(Given records Opens)

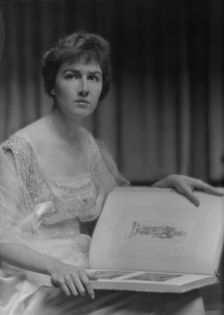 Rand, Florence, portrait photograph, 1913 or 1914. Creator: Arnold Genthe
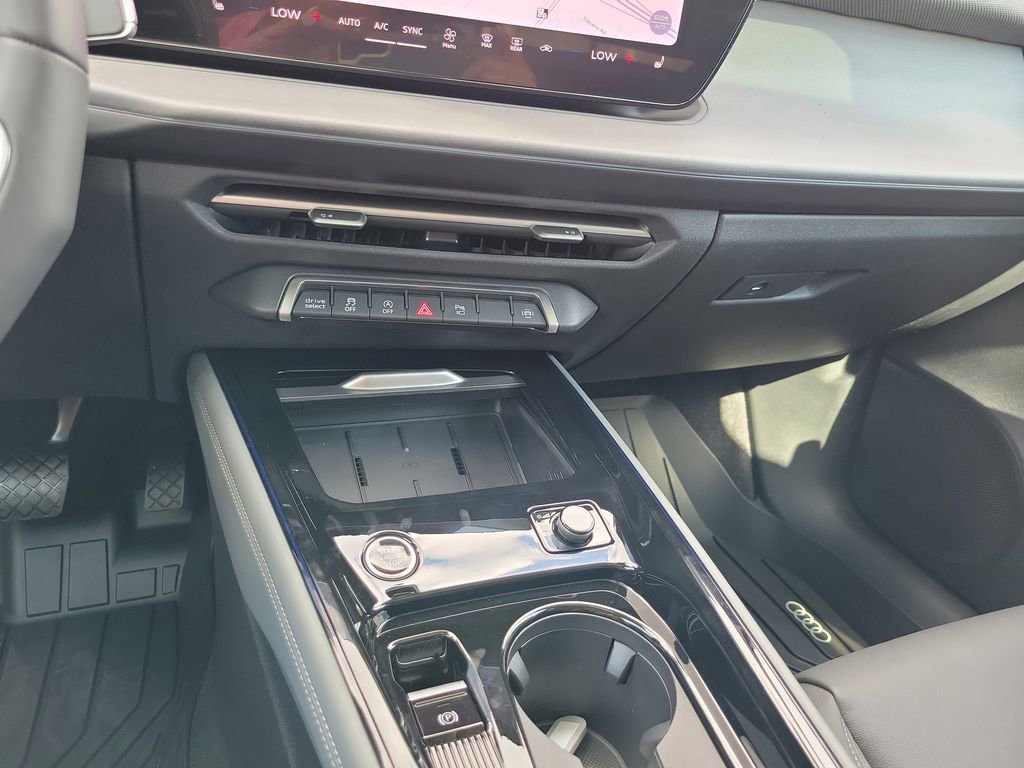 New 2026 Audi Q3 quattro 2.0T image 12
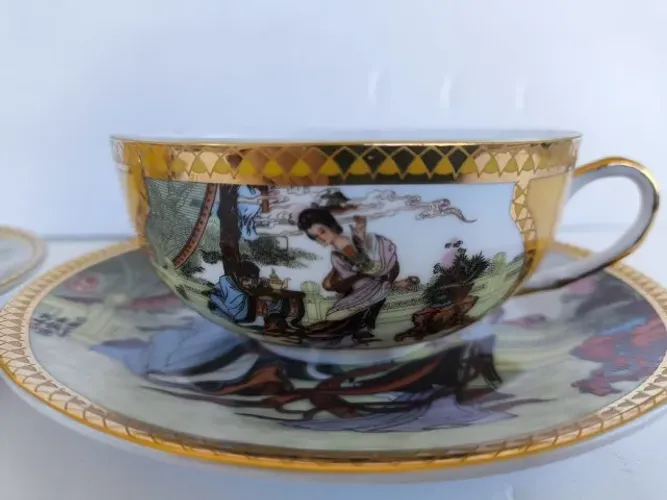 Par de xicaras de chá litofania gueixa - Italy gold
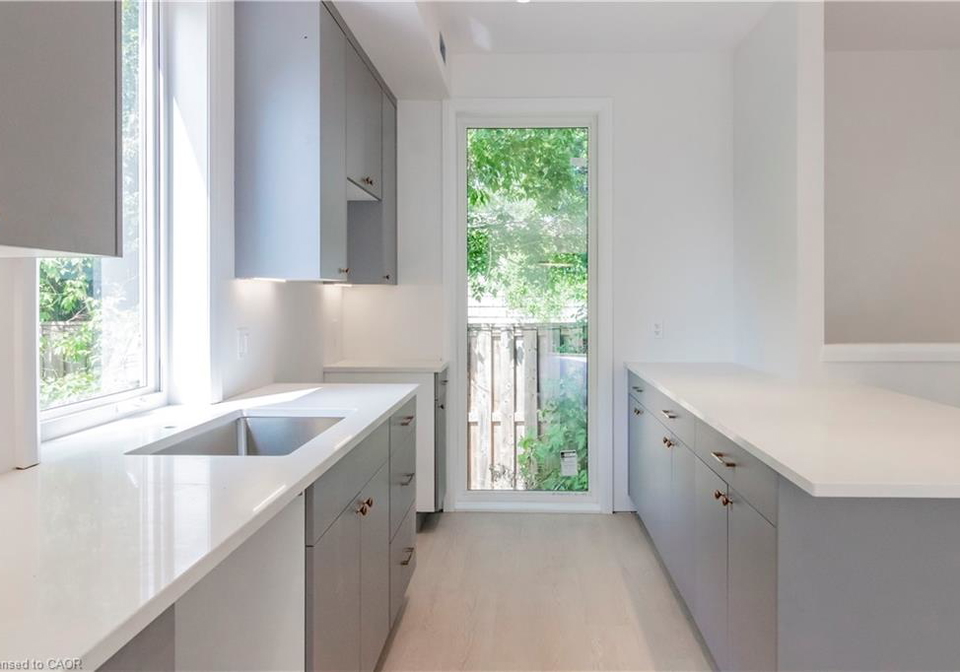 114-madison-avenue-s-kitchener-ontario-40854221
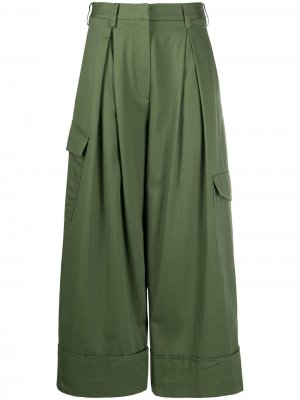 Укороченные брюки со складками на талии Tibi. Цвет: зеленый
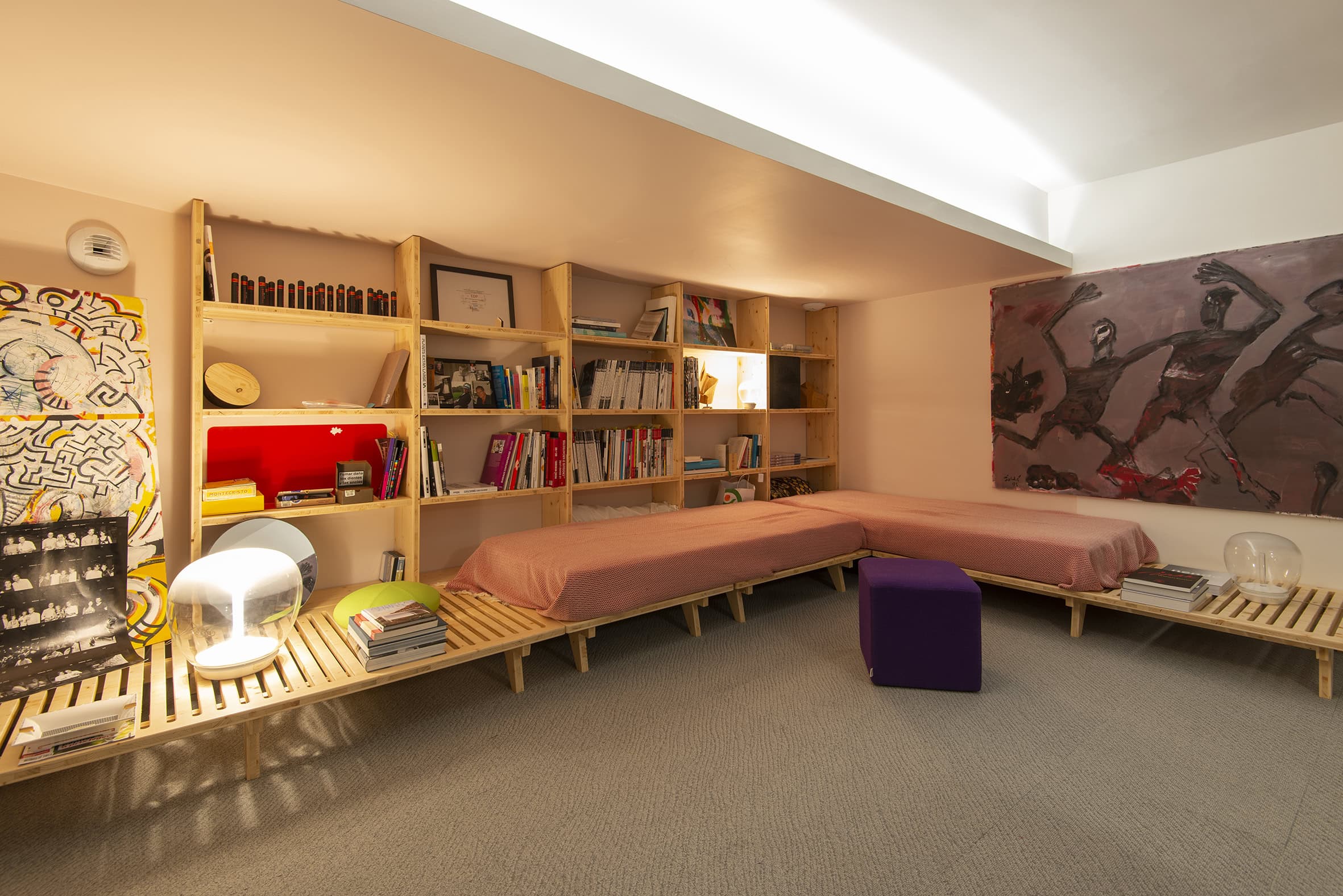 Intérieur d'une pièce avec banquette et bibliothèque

(Given records Closes)
(Given records Opens)

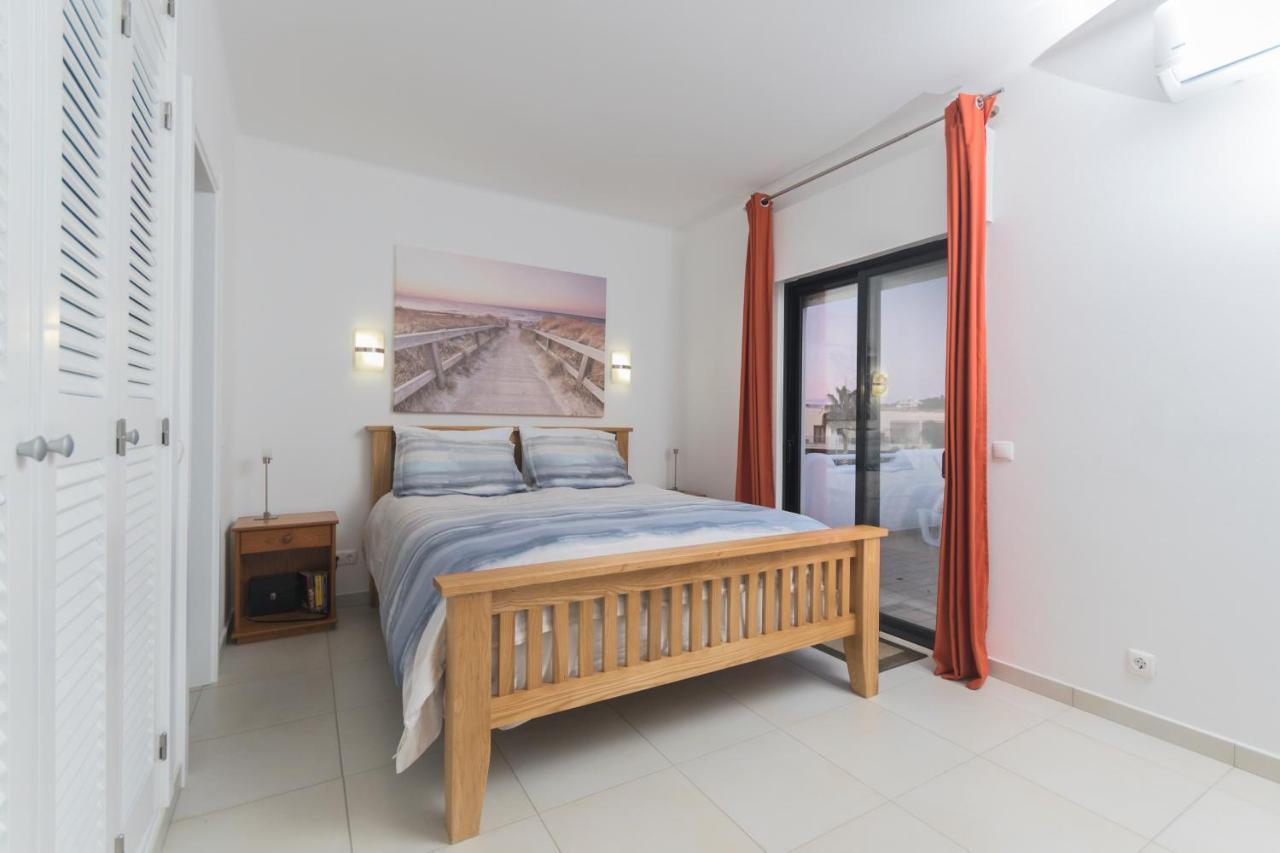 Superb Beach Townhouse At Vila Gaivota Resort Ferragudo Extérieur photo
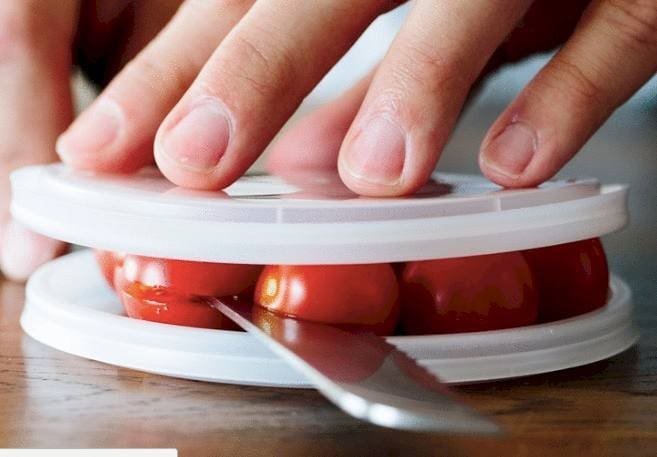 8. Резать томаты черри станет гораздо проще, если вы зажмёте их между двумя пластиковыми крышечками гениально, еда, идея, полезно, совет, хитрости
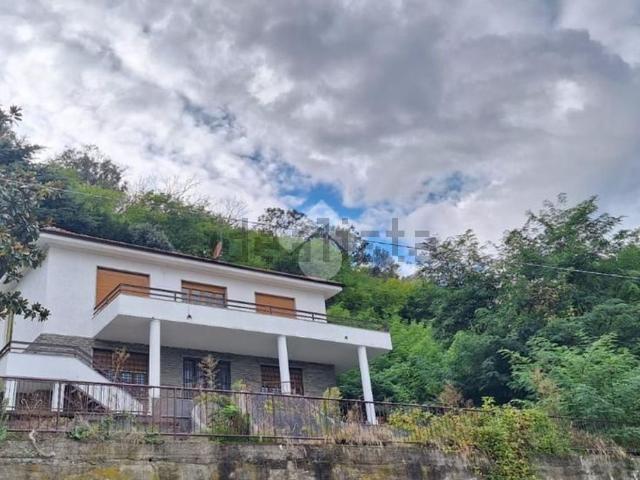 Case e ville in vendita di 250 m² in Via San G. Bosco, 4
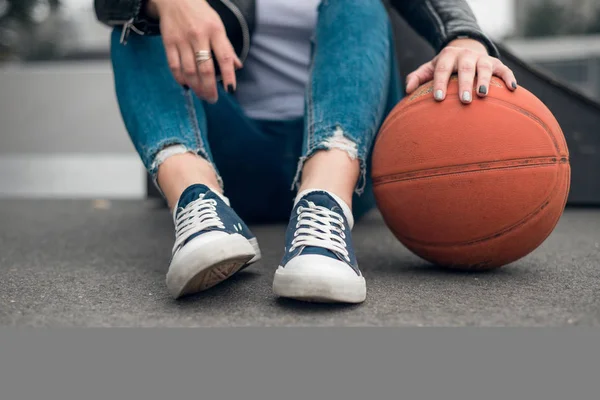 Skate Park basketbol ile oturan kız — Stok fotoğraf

(Given records Closes)

Try it:
Your output should be the lines above from the one that contains "Укороченные брюки со" through the one that contains "Intérieur d'une pièce", word for word, with pictures left out.

Result for this task:
 Укороченные брюки со складками на талии Tibi. Цвет: зеленый
 Intérieur d'une pièce avec banquette et bibliothèque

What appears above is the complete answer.